Le président afghan Hamid Karzaï a achevé samedi la mise en place du cadre juridique de la présidentielle d'avril 2014, un ensemble de lois très attendu par la communauté internationale et censé éviter une réédition du scrutin précédent, terni par des fraudes.

L'élection aura lieu le 5 avril prochain et permettra de désigner le successeur de M. Karzaï, qui dirige le pays depuis la chute des talibans en 2001 et ne peut briguer un troisième mandat, selon la Constitution.

Samedi, M. Karzaï a promulgué une loi fixant entre autres points les conditions pour se porter candidat au scrutin, a annoncé la présidence dans un communiqué.

Mercredi, le président afghan avait promulgué une première loi censée donner plus d'indépendance à la Commission électorale indépendante (IEC), chargée de veiller au bon déroulement de la présidentielle et qui avait été accusée de partialité envers M. Karzaï lors de l'élection de 2009.

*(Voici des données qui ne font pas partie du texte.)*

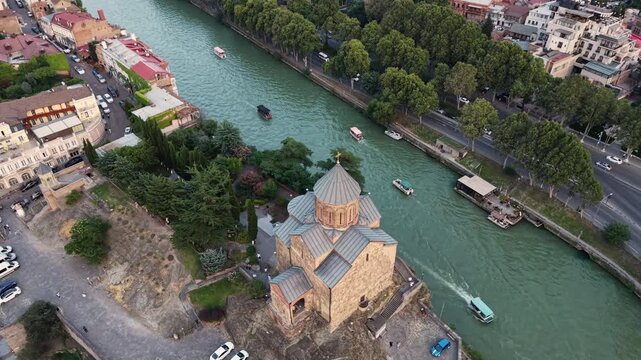 Panoramic aerial drone view of the historic orthodox Metekhi Church situated on a rocky cliff along the Kura River in Old Tbilisi, surrounded by cityscape and lush green trees, Georgia.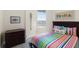 Bedroom with colorful bedding and a dark wood frame at 3737 S Atlantic Ave # 504, Daytona Beach, FL 32118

L'entrée en vigueur de ces deux lois permet de donner un cadre légal à l'élection, qui avait été réclamé avec insistance par la communauté internationale et qui figurait parmi les conditions posées par les bailleurs de fonds de l'Afghanistan en échange d'une aide de 16 milliards de dollars.

«La promulgation de ces lois est un point positif. C'est la première fois qu'une loi électorale est adoptée via une procédure législative normale, avec un vote au Parlement et une promulgation par le président, sachant que le système électoral précédent avait été mis en place par décret présidentiel», a réagi Jandad Spinghar, directeur de la Fondation pour des élections libres et équitables en Afghanistan (Fefa), interrogé par l'AFP.

«Tout dépendra maintenant de la manière dont ces lois seront appliquées», et des choix qui seront faits pour désigner les membres de la Commission électorale indépendante et de la Commission des plaintes électorales (ECC), a-t-il ajouté.

Moins de femmes dans les conseils provinciaux

L'installation du cadre juridique «offre une forme de soulagement, dans le sens où cela signifie que le processus n'est pas resté bloqué», a estimé de son côté Martine van Bijlert, une experte de l'Afghanistan Analysts Network, un centre de recherche basé à Kaboul.

«Bien sûr, il y a toujours de la méfiance et le jeu politique pourrait entraîner certains à manipuler le système, mais l'entrée en vigueur de ces deux lois leur compliquera la tâche», a-t-elle dit l'AFP.

La présidentielle aura lieu dans un contexte tendu: le scrutin coïncidera avec le retrait progressif de la force internationale de l'OTAN en Afghanistan (Isaf), dont la majorité des soldats auront quitté le pays fin 2014 alors que les talibans ont gagné du terrain ces dernières années et que les négociations de paix avec les insurgés sont au point mort.

Pour Davood Moradian, directeur de l'Institut afghan d'études stratégiques, il est crucial de faire «de la présidentielle la priorité numéro un des Afghans et de la communauté internationale, et de pousser la population à se passionner pour le scrutin», une condition indispensable pour construire un pouvoir central fort à même de maintenir la stabilité du pays après le départ des troupes internationales.

Impliquer la communauté internationale est aussi le «meilleur moyen d'empêcher la présidence de manipuler l'élection», a-t-il dit.

La campagne électorale commencera le 17 novembre. Parmi les candidats potentiels figurent le frère du président et ancien député Qayoum Karzaï, l'ancien commandant anti-taliban et gouverneur de la province de Balkh (nord), Atta Mohammad Noor, et un ancien secrétaire général de M. Karzaï, Omar Daudzaï.

La loi promulguée samedi définit également les modalités des élections locales qui auront lieu le même jour que la présidentielle dans les 34 provinces afghanes.

Cette loi réduit de 25 à 20% le nombre de sièges accordés aux femmes dans les conseils provinciaux, un nouveau signe que, malgré des milliards de dollars dépensés par la communauté internationale depuis 2001, la défense des droits des femmes reste compliquée dans un pays marqué par le poids de la coutume.